* **Records**
—————

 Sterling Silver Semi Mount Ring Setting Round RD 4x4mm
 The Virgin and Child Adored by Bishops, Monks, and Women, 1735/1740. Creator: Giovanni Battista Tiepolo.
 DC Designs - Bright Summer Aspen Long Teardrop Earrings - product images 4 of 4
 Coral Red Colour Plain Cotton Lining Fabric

—————

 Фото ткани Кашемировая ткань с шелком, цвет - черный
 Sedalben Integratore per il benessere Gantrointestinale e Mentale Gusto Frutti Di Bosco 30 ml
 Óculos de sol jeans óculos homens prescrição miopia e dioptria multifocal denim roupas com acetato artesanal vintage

—————

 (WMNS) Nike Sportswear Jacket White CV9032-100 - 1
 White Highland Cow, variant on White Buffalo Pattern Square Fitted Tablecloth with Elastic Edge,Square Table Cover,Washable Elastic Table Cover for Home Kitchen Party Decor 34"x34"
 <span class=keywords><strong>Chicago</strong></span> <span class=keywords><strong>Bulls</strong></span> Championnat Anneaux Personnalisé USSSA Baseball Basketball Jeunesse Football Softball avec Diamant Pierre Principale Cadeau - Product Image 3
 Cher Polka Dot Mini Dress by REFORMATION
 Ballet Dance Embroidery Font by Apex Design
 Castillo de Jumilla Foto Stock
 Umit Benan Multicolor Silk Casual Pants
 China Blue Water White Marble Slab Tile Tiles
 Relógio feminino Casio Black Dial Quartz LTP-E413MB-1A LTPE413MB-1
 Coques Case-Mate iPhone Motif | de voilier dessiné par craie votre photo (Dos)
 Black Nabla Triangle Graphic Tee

—————

* **Task instructions**
Once each line with "Black" in the entries is counted, state the total and nothing else.

* **Written reply**
2